Он подумал, может быть, кто-то на другом конце извинится, но несколько секунд спустя из телефона снова донеслись лишь два обидных смешка.
Аарон закричал.
Он кричал так громко, что ему вторил вой собаки с улицы. Затем, не в силах выдержать больше ни секунды, мужчина схватил телефоны и дернул, вырвав провода из усилителя, соединяющего телефонный узел. Он бросил трубки в мусорный бак и проклял себя за то, что вообще пытался заставить мир помочь ему.
За годы работы в страховой компании Аарон всегда старался как-то выручить своих клиентов. Он немного подделывал документы, чтобы их приняло начальство, закрывал глаза на первоначальные анкеты медицинского страхования, составлял отчеты о повреждениях нетронутых автомобилей с единственной целью – изменить цвет краски. Это не была работа его мечты, но именно она позволяла ему оплачивать счета и жить безбедно, а единственным недостатком было то, что иногда ему приходилось переступать через себя и отказывать в страховом покрытии, когда начальство жаловалось на низкую рентабельность офиса. Он довольствовался тем, что достигал минимальной нормы, выполняя, но никогда не перевыполняя установленные показатели. Благодаря этому его любили клиенты, хотя и не все.
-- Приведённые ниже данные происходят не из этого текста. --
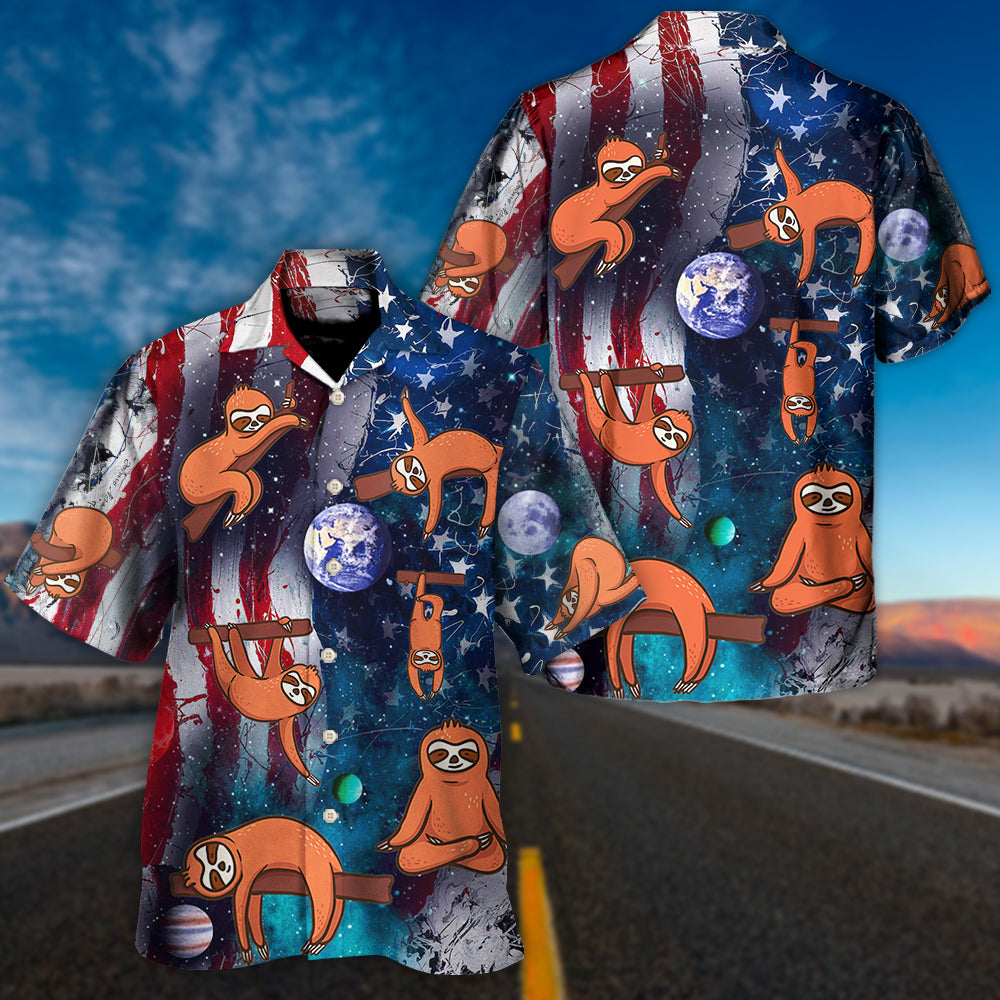Cute Yoga Independence Day Sloth Hawaiian Shirt For American Pride, Coastal Getaways, And Relaxed Warm Weather Outfits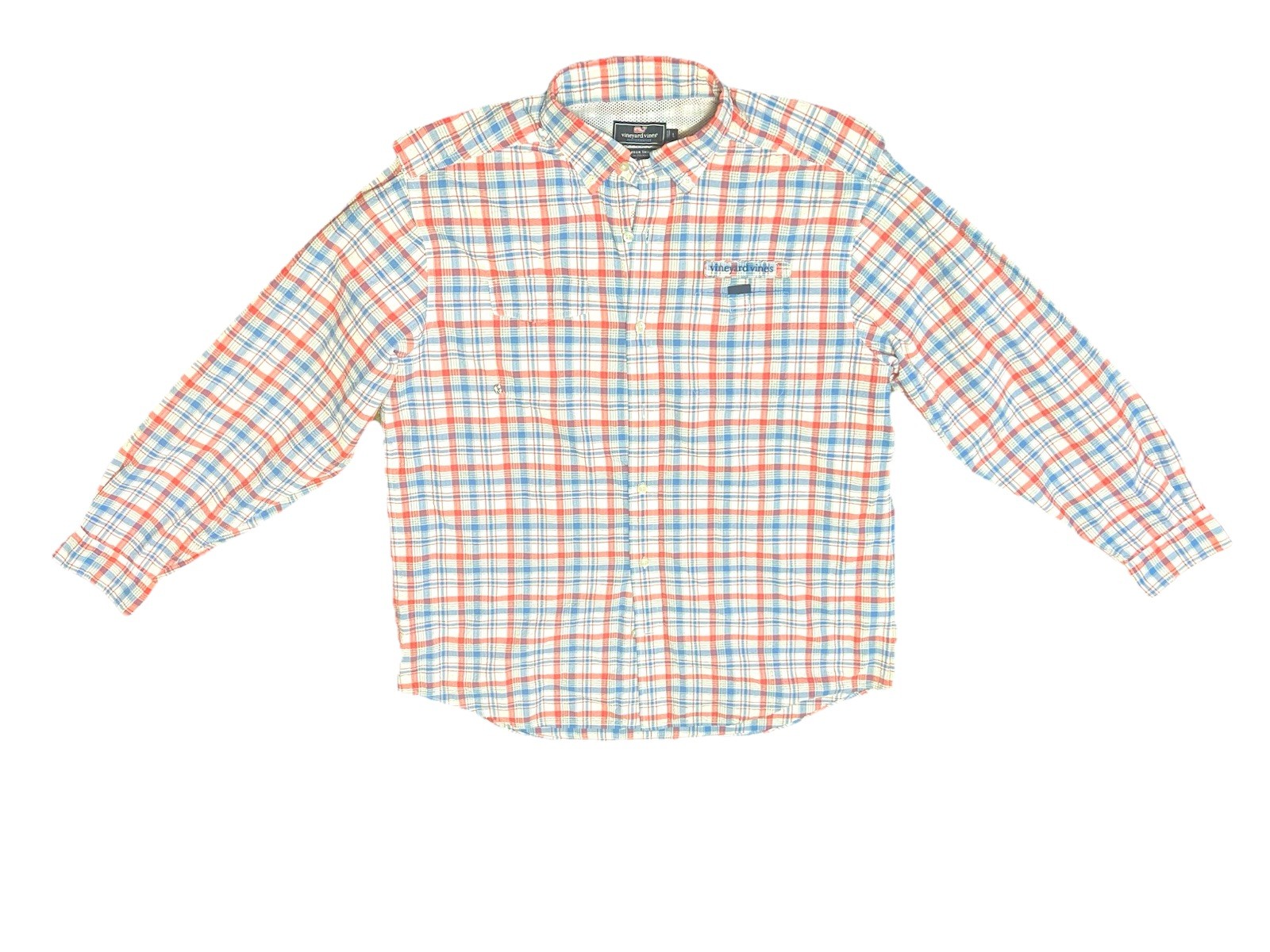 VINEYARD VINES HARBOR PERFORMANCE SHIRT LIGHT BLUE RED SEERSUCKER LONG SLEEVE LG gallery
Нельзя достичь всеобщей любви, когда тебе приходится отказывать в дорогостоящем лечении рака или сообщать, что после несчастного случая, где человек лишился обеих рук во время ремонта в гараже, страховка покроет протез только для одной из них.
Он считал себя хорошим человеком и помогал где мог: ежемесячно жертвовал тридцать долларов в неправительственную организацию, призванную улучшить жизнь детей в Гватемале, наладил сортировку мусора, старался участвовать в пожертвованиях, которые собирали в их районе. Возможно, именно поэтому соседи помогали ему – знали, что он хороший человек. Но люди, которые не знали его, все те люди, которые сопереживали его истории лишь из болезненного любопытства, вызванного исчезновением Киры, все они хотели только зрелища. Сюрприз здесь, новый поворот событий там, рыдания на экране в прайм-тайм. Но отыскать Киру было все равно что сделать тройное сальто-мортале между трапециями без сетки в конце циркового представления. Если получится – наградой служат аплодисменты и одобрительные возгласы. Если же нет… люди все равно уходят домой довольными, потому что они уже видели, как львы прыгают через пылающий обруч.